It basically means to replace the parts that wear and/or deteriorate over time. This can be done by you, providing you have the tools, a place to work (preferrably under a roof), time and inclination to learn the procedures if you don't know them already. There WILL be a fairly steep learning curve, but nothing that cannot be accomplished if you're willing to learn.

Otherwise, there's no shame in admitting it may be above your abilities or any of if the other things mentioned above are lacking at this point. If this is the case, look for a shop that you can trust, hopefully one that'll let you watch and maybe participate so the next time you'll be in a better position to do some or all of the work yourself.

Some things that will be done or replaced during a tune up (NOT all-inclusive):
plugs
plug wires
distributor cap and rotor
replace vacuum hoses/lines
PCV valve
air and fuel filters
set the timing- both initial and total.
recurve the ignition advance. This is done by changing the springs that control the centrifugal weights. It may require you to limit the amount of vacuum advance that the canister on the distributor supplies. You want about 10 to about 15 max from the vacuum advance. More on all this below.
adjust the carb to give the highest vacuum at idle, or highest idle speed. If the carb is leaky or the idle mixture screws unresponsive, etc. it may be time for a rebuild.

From a previous post on ignition timing:
Quote:
You should verify that what you are seeing at the damper and timing tab for TDC is actually TDC.
DETERMINING TDC will allow you to be sure the timing tab and damper are correctly indicating TDC.

MAKE A TIMING TAPE to see what the total timing is, w/o needing to use a dial back timing light. You can also buy a timing tape, they're not very expensive. The problem is if you have a different diameter damper than what the timing tape is made for.
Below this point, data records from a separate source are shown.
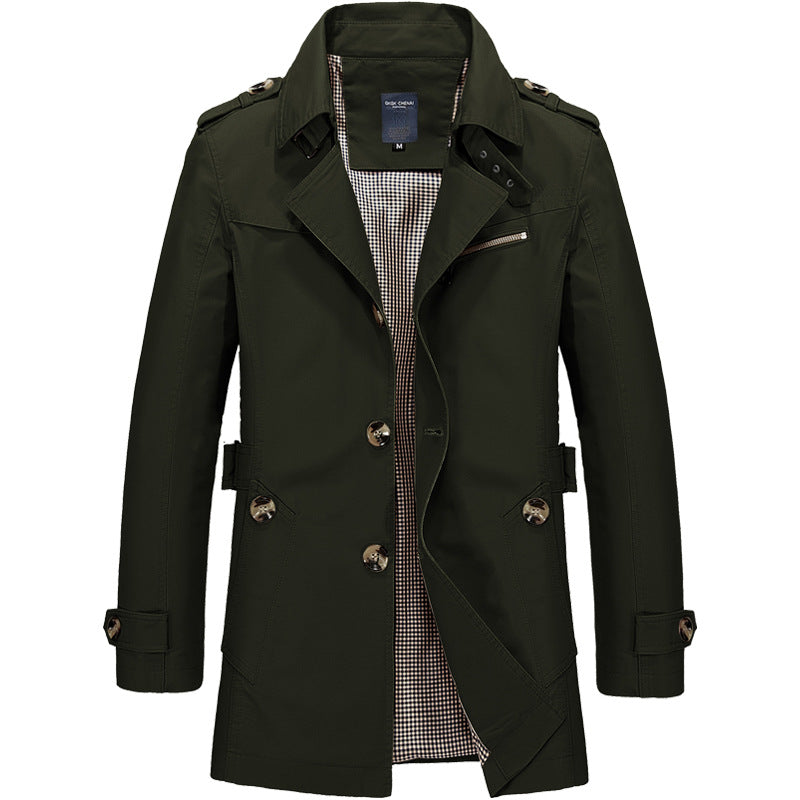 Trench uomo doppiopetto robusto ed elegante, soprabito perfetto per clima variabile e stile distintivo.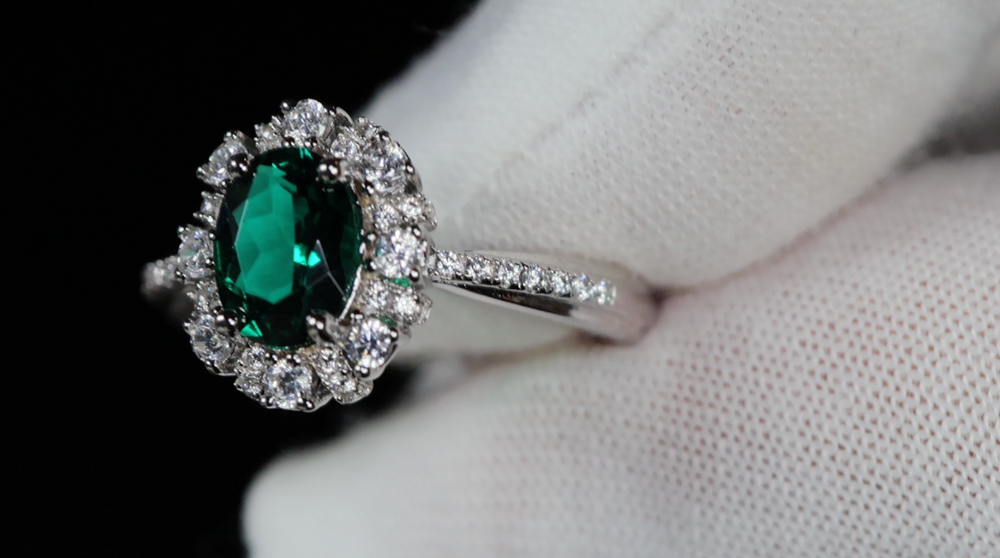
            
                Load image into Gallery viewer, Oval Cut Colombian Emerald Ring
            
        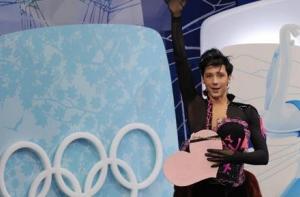 Телеканал извинился за шутку о фигуристе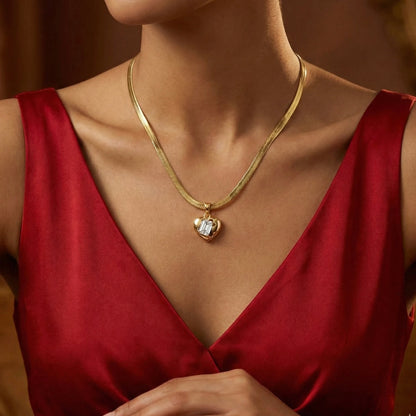 18KT Gold Plated Bold Heart Luxe Pendant Necklace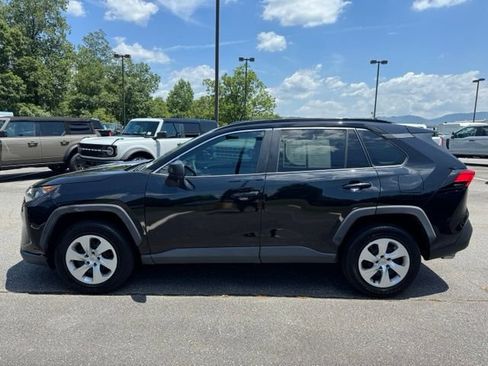 Used 2021 Toyota RAV4 LE FWD image 4
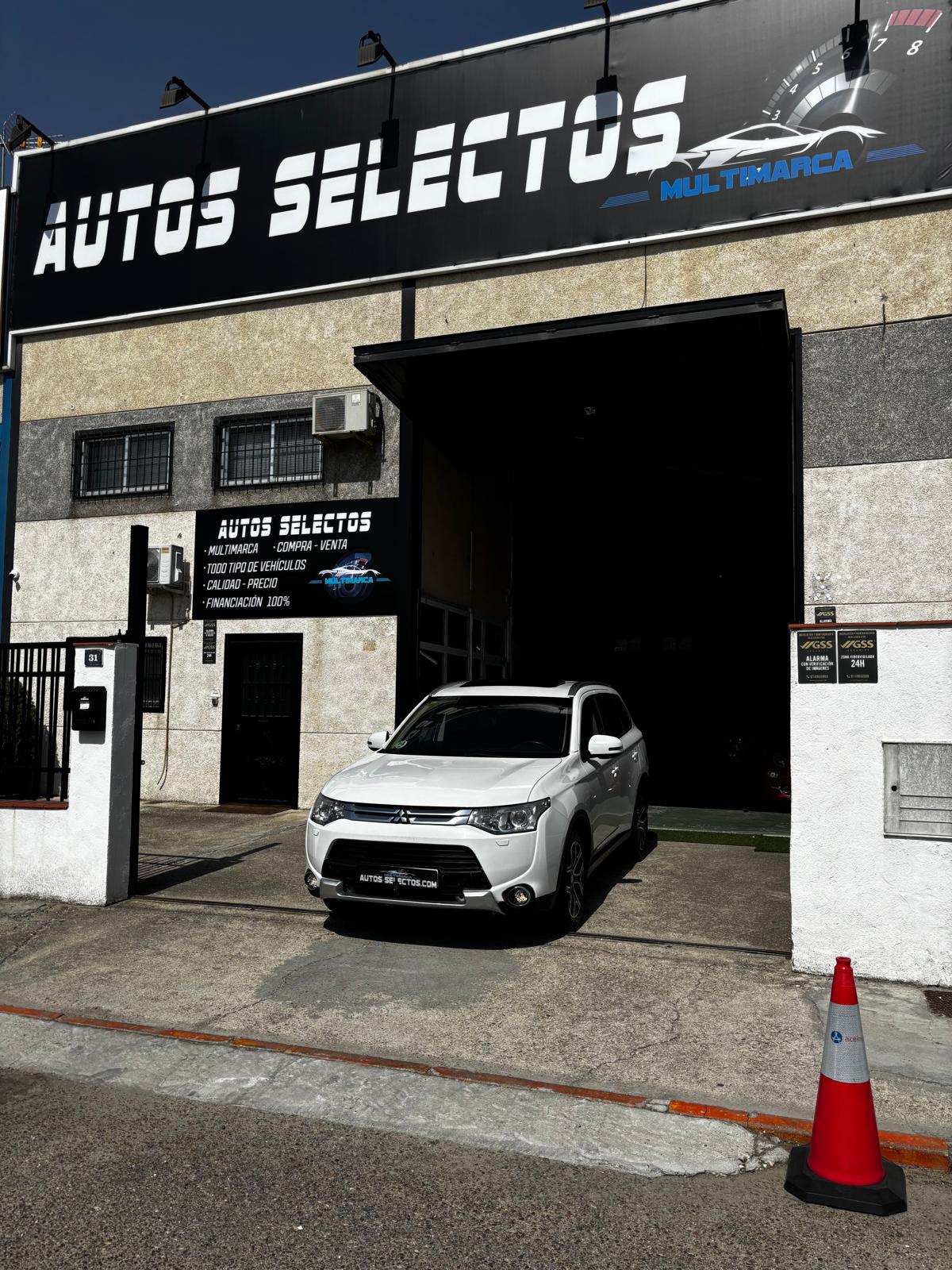 MITSUBISHI OUTLANDER 220 DID KAITEKI AUTO 4WD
Be sure the advance plate is free to move, w/o binding or friction. HERE'S an exploded view of an HEI distributor. THIS is a description of an HEI rebuild.

I would recommend that you use the vacuum advance, hooked to manifold vacuum. It should be limited to around 10 of added advance, but no more than about 15. This will help keep the carb primary blades from being opened too far to get the idle speed where it needs to be. If the blades are opened too far, the idle quality and off idle response will not be good.

You may well need an adjustable vacuum advance to get the advance at a low enough vacuum, given the lack of idle vacuum you now have. Using the vacuum advance should help bring up the idle vacuum as well.

If the vacuum advance you have comes in OK but gives too much advance, you will need to physically limit the vacuum advance can's travel w/a vacuum advance limiter plate like the Crane #99619-1, #99619 Instructions. Or you can easily make one.

Crane has an adjustable vacuum advance can kit- Crane #99600-1, #99600-1 Instructions.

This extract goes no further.